Liu was hired to teach in the arts department of the Chinese University of Hong Kong. While there, he reconnected with the mother from whom he had been sundered for more than 20 years.

Painting a new tradition

Changes were afoot within the mainland Chinese painting community at around the same time. The mainland established the National Academy of Chinese Painting in 1981. The academy’s head, master landscape painter Li Ke­ran, invited Liu to attend its opening gala. Liu also exhibited two paintings there, which were surprisingly well received.

The experience instigated what would become a tour of the whole of the mainland three years later, one on which Liu visited some 18 cities. His friends in Taiwan thought that he was taking too great a political risk in making the trip, but Liu disagreed. He explains, “I was seeking to build a new 20th-century tradition in Chinese painting, and mainland China is the wellspring of Chinese painting. How could I turn down the opportunity to proselytize modern ink painting there?”

But the trip resulted in him being blacklisted in Taiwan until 1989, when he was invited back for a solo exhibition. 

 

a5
Liu’s “pulling out tendons, stripping off skin” technique involves applying black ink to a coarse paper with a fibrous surface. Removing the fibers creates white lines, making patterns and textures that are difficult to achieve with a brush. (photo by Chuang Kung-ju)


“Pulling out tendons, stripping off skin”

The 85-year-old Liu says that he still works every day from the middle of the night to dawn. His doctor has urged him to give up his nighttime schedule, but he says, “I live on American time.”

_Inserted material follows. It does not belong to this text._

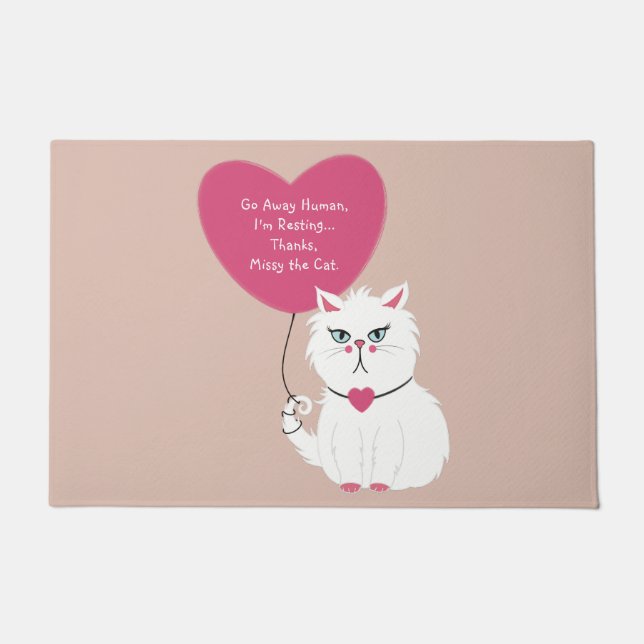 Funny Sarcastic White Cat Custom Go Away Doormat (Front)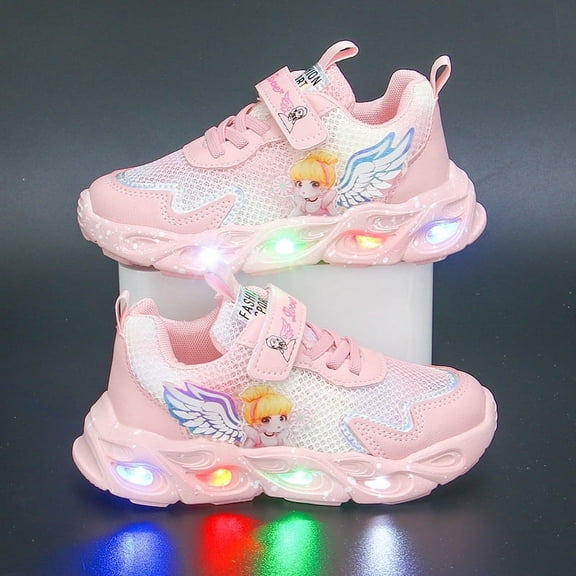 Kids LED Light Up Sneakers Girls Running Shoes Lightweight Sport Outdoor Walking Shoes for Girls Christmas Birthday Children Show Gift (Toddler/Little Kid/Big Kid) ﻿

He is currently working on a piece he calls Five Suns using the “pulling out tendons, stripping off skin” technique he invented in his youth. Once it is complete, he plans to exhibit it at September’s BRICS Summit in ­Xia­men.

For paintings in this style, Liu uses “Liu Kuo-sung paper,” a coarse-textured cotton paper with fibers “glued” to the surface by an extra layer of pulp applied over the top. Liu colors the paper with black ink, following the shape created by the fibers. At the end of the process, he pulls fibers off to create white lines that don’t exist in traditional ink painting. It is these white lines cleaving the black ink on the page that give the technique its name.

To Liu, the white lines represent an inversion of the black lines of traditional brush and ink painting, and serve as an inspiration to the revolutionary fringe of the movement to reinvent Chinese painting.

But tearing the fibers from the paper is a lot of work, and Liu often asks Li Mo-hua, his “number-one assistant,” to help out. She usually does so after Liu has gone to sleep, squatting on the floor, using her fingernails to feel for raised spots on the paper, and then slowly pulling off the fibers. “I’ve pulled off so many that my knuckles have become deformed,” she says, showing Liu the twisted fingers of her right hand.

Liu doesn’t respond. Instead, he exits his studio, and then clasps Li’s hand as he waits for the elevator. The two then stand, hand in hand, waiting for it to arrive.